What are the positive things from this announcement?
- A short 12 episode release tends towards a sharply focused effort at story-telling, rather than falling into the monster-of-the-week that the average television program falls into;
- Star Wars animation has been a trajectory of increased quality ever since it began, which, should it continue here, indicates quality animation, writing, direction, and production; it is going to look slick;
- Fans who have longed for a bit more completion to the Clone Wars saga may finally get what they’ve waited for (despite having the Dark Disciple novel, the season 6 lost episodes, the unfinished animatics for season 7, etc.).
What are the negative things from this announcement?
- There can be little-to-no surprise in the overall stakes of whatever adventure they tell. We know the fates of Obi-Wan, Anakin, Ahsoka, Rex, etc. outside of this 12 episode season regardless of anything that can happen. Similarly, any new characters introduced at the beginning of this story have a 98% rate of not surviving simply because they don’t exist anywhere else. Honestly, if the prequels have taught us anything about storytelling, then perhaps we should not seek to bear witness to the events that have gone before us but rather live in the tension of not knowing everything.
- The audience continues to root for the organization and characters who should know better than how they actually behave. The issue most fans suffer from related to the prequels is the reversal of the good nature of the Jedi Order. Once we got the prequels, we realized that they are at fault for dereliction of duty just as much as the Sith are responsible for the dissemination of the Dark Side. So, back into the adventures of the “you should know better” crew without hope for redemption (since we know the complete failure of the Order from Revenge of the Sith), opportunity for course-correction, and more foreshadowing of the darkness to be wrought upon the galaxy;
- This is probably the last nail in the coffin of trying to get a more mature-themed entry in the universe. The Last Jedi is likely to be the last entry to force audiences to think outside of more than simply what is occurring on the screen to understand the larger themes and intricacies that the creative minds want us to be focused on. Disney is squarely focused on the 9-14 year old age bracket with this return to form. And while that is not inherently negative or worthy of bemoaning, it does portent that we should give up hopes of anything outside of that focus.

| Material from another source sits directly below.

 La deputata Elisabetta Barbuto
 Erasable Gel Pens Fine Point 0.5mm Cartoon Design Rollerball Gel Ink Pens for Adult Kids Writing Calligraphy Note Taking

Overall, Clone Wars II: How Anakin Got His Groove Back seems predictable: it will be of decent quality and could even exceed Rebels (I can hear Brandon scream “BLASPHEMY”) in terms. However, it seems to be more of the same formula which, as much as it is indeed working for the company, puts the future of branching out to other types of stories into much doubt. We are not likely to get the hard-R Logan-inspired Boba Fett film. No deep dives into the political world in terms of a Ken Burns’ Coruscant. In fact, this feels more like a double-down on the Rise of the Empire era that has been host to Clone Wars, Rebels, the new Thrawn-focused novels, Solo, and Rogue One rather than broadening out the storytelling timeline (Resistance excepted).
New Star Wars is usually better than no Star Wars, so we should not herald this announcement as the end of anything. It should surprise no one when they announce a sequel to even these 12 episodes. However, it does lend additional credence to the suspicion that we should not expect anything aimed at an audience different than middle schoolers.